The Food and Drug Administration (FDA) is seeking any new information from the public to help unravel the mystery of what caused a recent outbreak of lung injury and deaths linked to vaping.
The lung injury, which public health officials have begun calling EVALI for e-cigarette or vaping product use-associated lung injury, has been most closely linked to vitamin E acetate, used as a dilutent in e-liquids containing THC. However, the FDA says it cannot tie the injury to any particular product or substance.
As of Feb. 3, the FDA has received more than 1,300 samples from 31 states and one territory with roughly 1,070 of those samples connected to patients. “Specifically, the FDA is analyzing samples submitted by a number of states for the presence of a broad range of chemicals, including nicotine, tetrahydrocannabinol (THC) and other cannabinoids, along with cutting agents/diluents and other additives, pesticides, opioids, poisons, heavy metals and toxins,” the agency said in a press announcement.
Thus, the agency has opened a docket to gather unpublished data or information that might bring them closer to a definitive cause – including information on specific chemicals, compounds, ingredients or combinations of ingredients that when inhaled or aerosolized, may be associated with EVALI symptoms.
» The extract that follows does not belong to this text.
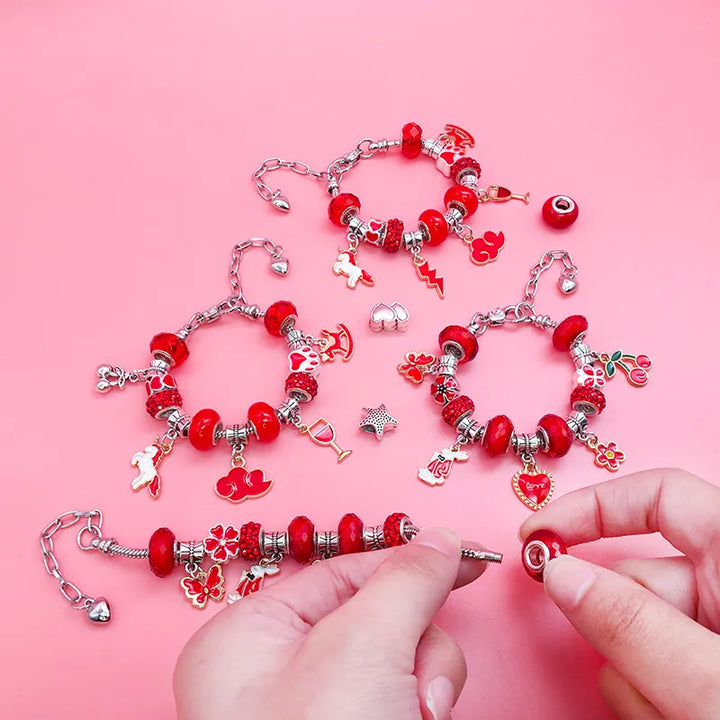 BowLift | CharmCraft - Your own jewelry collection to make it yourself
The agency is also seeking information on product design and potential ways to prevent consumers from modifying or adding substances to these products that are not intended by the manufacturers.
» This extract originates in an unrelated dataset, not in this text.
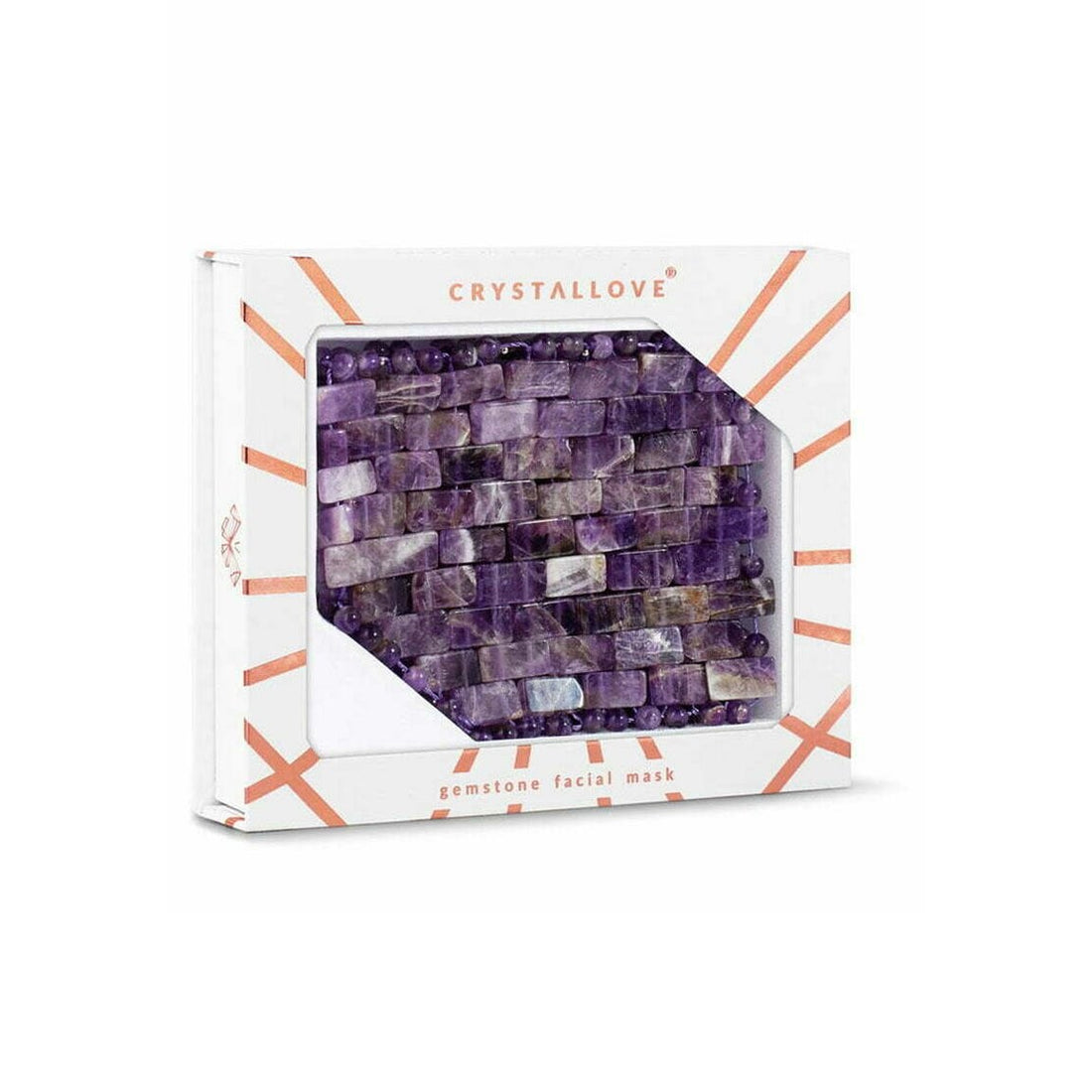 Crystallove Maschera viso e corpo all&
“We remain deeply concerned about these injuries and deaths and continue to work with other agencies, as well as state and local public health officials, on this complex investigation. National and state data from patient reports and product sample testing suggest vaping products containing tetrahydrocannabinol, particularly from informal sources like friends, or family, or in-person or online dealers, are linked to most cases and play a major role, and that the presence of the compound vitamin E acetate in vaping products is strongly linked to the outbreak,” said FDA Commissioner Stephen M. Hahn, MD.
“Our investigation has brought to the forefront the serious risks of using illicit, black market products. As part of our efforts to mitigate and prevent a potential future outbreak of vaping injuries, we are asking the public for input on additional steps the FDA can take to inform our regulatory work and address the illegal modification of these products.”
Beasley Allen lawyers Joseph VanZandt and Sydney Everett, together with Mass Torts Section Head Andy Birchfield, are currently representing several individuals who are suing the top U.S. vape maker JUUL for the negative impact its products have had on their lives. They have also filed dozens of lawsuits on behalf of school districts nationwide, which seek to protect students and recover resources spent fighting the vaping epidemic.